ACTE INITIAL du 08 Juillet 2022 reçu au greffe le 11 Juillet 2022.

DÉBATS : A l'audience publique tenue le 29 Mai 2024, les avocats en la cause ont été entendus en leurs plaidoiries par Madame ZYLBERMAN, Magistrat Honoraire, siégeant en qualité de juge rapporteur avec l’accord des parties en application de l‘article 805 du Code de procédure civile, assistée de Madame SOUMAHORO Greffier, puis l’affaire a été mise en délibéré au 25 Juillet 2024.

MAGISTRATS AYANT DÉLIBÉRÉ :
Madame LUNVEN, Vice-Présidente
Madame RODRIGUES, Vice-Présidente
Madame ZYLBERMAN, Magistrat Honoraire

EXPOSE DU LITIGE

M et Mme [V], respectivement âgés de 81 ans et 74 ans, faisaient appel à la société ECOBATI IDF pour le remplacement de leur mode de chauffage actuel au fioul par une pompe à chaleur.

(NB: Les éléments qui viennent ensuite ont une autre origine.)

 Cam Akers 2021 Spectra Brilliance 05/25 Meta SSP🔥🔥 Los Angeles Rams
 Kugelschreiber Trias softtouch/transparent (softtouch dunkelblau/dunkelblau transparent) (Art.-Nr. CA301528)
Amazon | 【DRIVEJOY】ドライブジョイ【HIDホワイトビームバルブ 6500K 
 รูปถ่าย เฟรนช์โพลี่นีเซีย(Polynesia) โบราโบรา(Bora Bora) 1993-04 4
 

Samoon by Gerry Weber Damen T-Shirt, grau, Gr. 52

Le 03 septembre 2019 la société ECOBATI IDF établissait un devis pour un montant total TTC de 16.774,50 € qui, déduction faite de la “Subvention ANAH” (-5.565 €), de la “Prime CEE “ (-5.500 €) et du “Crédit d’impôt” (-1.712,85 €) ramenait l’investissement final à hauteur de 3.996,65 €.

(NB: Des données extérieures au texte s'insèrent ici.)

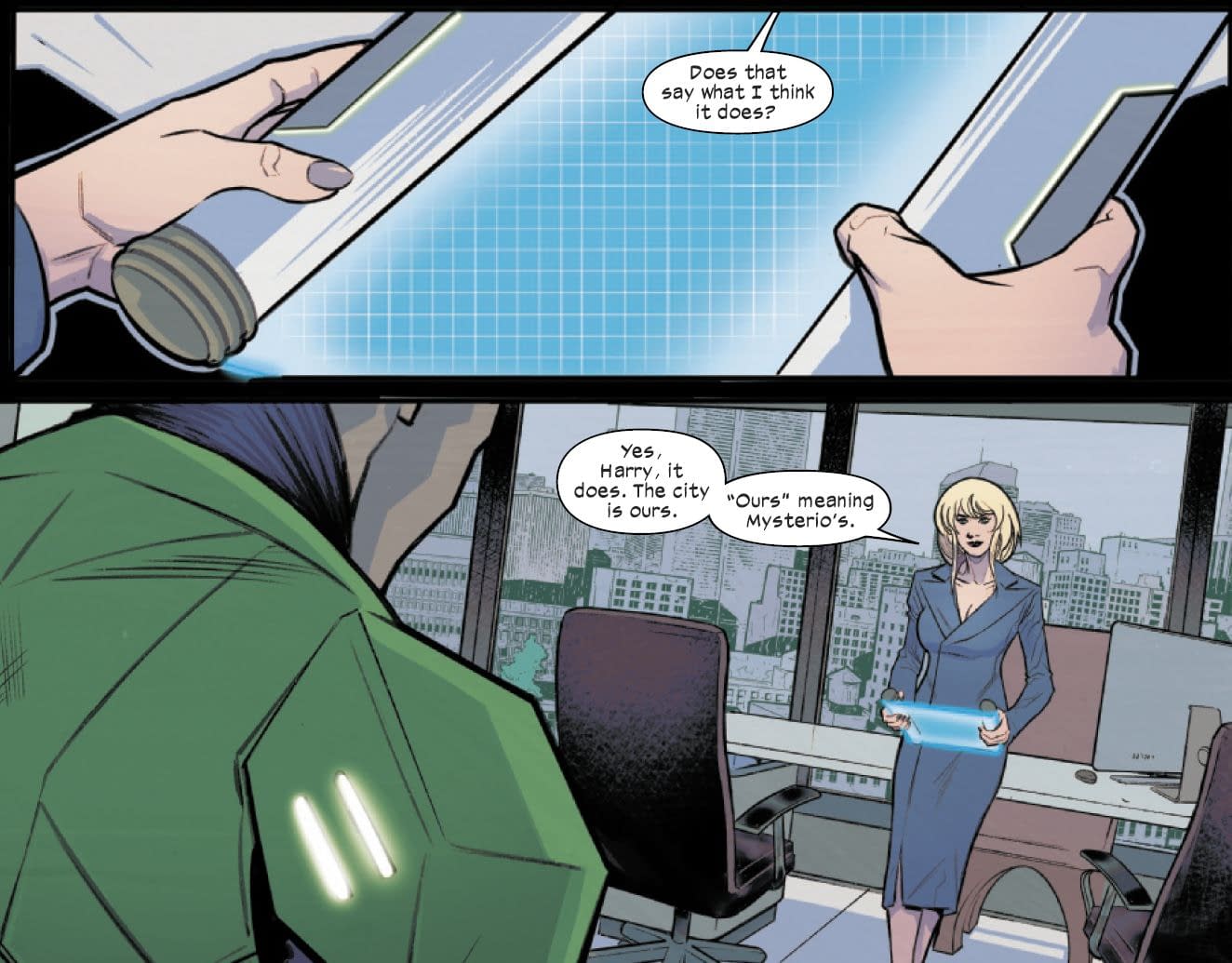 Ultimate Spider-Man #24 (Spoilers)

Un dossier était joint, lequel précisait les engagements de l’entreprise dans toutes les étapes du projet, notamment : une étude d’éligibilité aux différentes aides gouvernementales ainsi qu’une aide au montage du dossier, au suivi de la commercialisation et à la finalisation.

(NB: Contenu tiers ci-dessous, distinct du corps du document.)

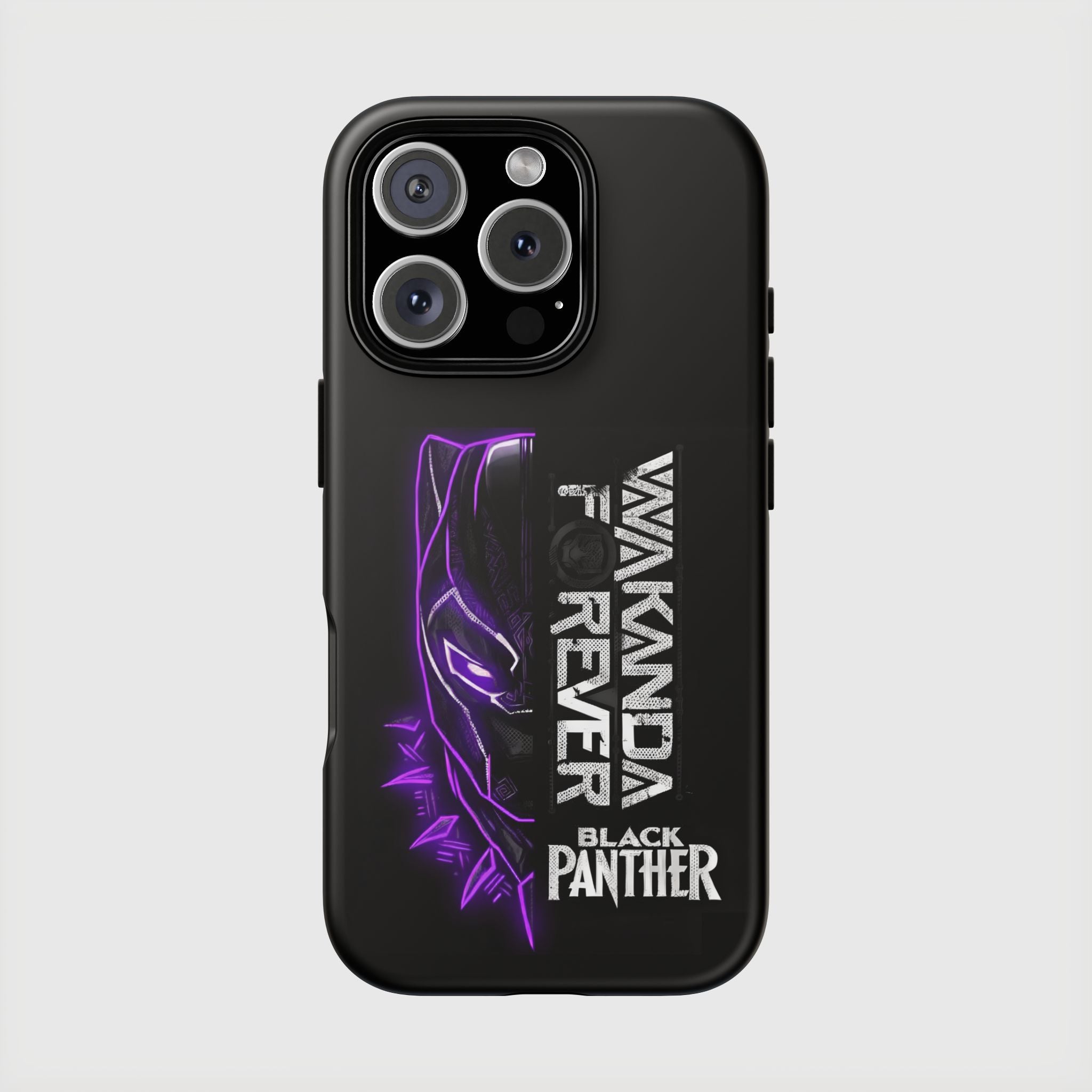 Wakanda Forever Phone Case — Vibranium-Style Protective iPhone Case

Le 11 septembre 2019, ils signaient le devis en présence du commercial, M. [C], lequel inscrivait le jour même les époux [V] sur le site EDF afin d’effectuer la demande de prime EDF (plus avant dénommée Prime CEE).

L’ensemble des éléments était transmis à EDF une fois le matériel posé et la facture éditée.

S’étonnant de la non réception de cette prime, Mme [V] adressait, le 6 avril 2020, un couriel au président de la société ECOBATI ainsi qu à EDF le 2 août suivant.

En décembre 2020, elle apprenait téléphoniquement d’EDF que sa demande allait être annulée car une date était manquante sur le devis, la renvoyant à contacter la société ECOBATI.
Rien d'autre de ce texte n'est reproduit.